Secara tradisional, tujuan supply chain management (SCM) berfokus pada pemaksimalan kepuasan konsumen, mengurangi biaya operasional, peningkatan pendapatan, dan profitabilitas bisnis. Seiring dengan perkembangan manajemen rantai pasok, tujuan SCM juga beradaptasi yaitu menuju penggunaan sumber daya yang lebih efisien (lean supply chain) dan lebih fleksibel dalam menghadapi perubahan permintaan ataupun pasokan (agile supply chain).

Implementasi lean supply chain memiliki irisan dengan green supply chain dimana dapat diasumsikan bahwa penggunaan sumber daya yang lebih hemat dan efisien akan berdampak baik pada lingkungan dan sustainability. Beberapa contoh yang dapat diberikan misalnya: ketika perusahaan melakukan optimasi penggunaan armada transportasinya dengan pemilihan rute yang efisien, dapat diharapkan bahwa emisi karbon yang dihasilkan akan menurun. Berikutnya, perusahaan dapat mempertimbangkan opsi-opsi ramah lingkungan yang sudah semakin feasible untuk diterapkan misalnya penggunaan kendaraan berbahan bakar biogas, biodiesel, bahkan kendaraan listrik.
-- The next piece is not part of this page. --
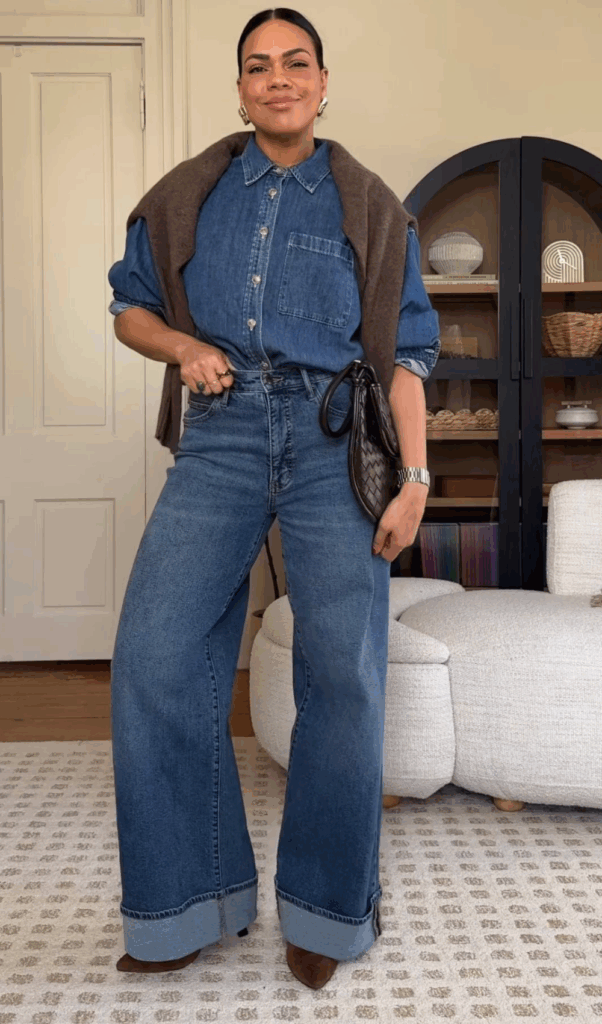 How to Dress in Your 40s and Finally Wear What Actually Works for You How to Dress in Your 40s and Finally Wear What Actually Works for You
Contoh lain terkait penggunaan kemasan yang lebih ramah lingkungan seperti mengganti plastik dengan alternatif seperti bioplastic

Aktivitas yang berada dalam ranah manajemen rantai pasok sangat luas karena aktor yang terlibat bisa jadi cukup banyak diantaranya supplier, pabrik, distributor, retailer, dan customer. Agar lebih simpel, artikel ini membahas penerapan green supply chain dari perspektif strategis dan strategis operasional [1]. Perspektif strategis artinya keputusan yang dilakukan terkait green supply chain yang memiliki efek jangka panjang bagi perusahaan, sedangkan perspektif operasional artinya keputusan yang memiliki efek pada kegiatan keseharian terkait rantai pasok.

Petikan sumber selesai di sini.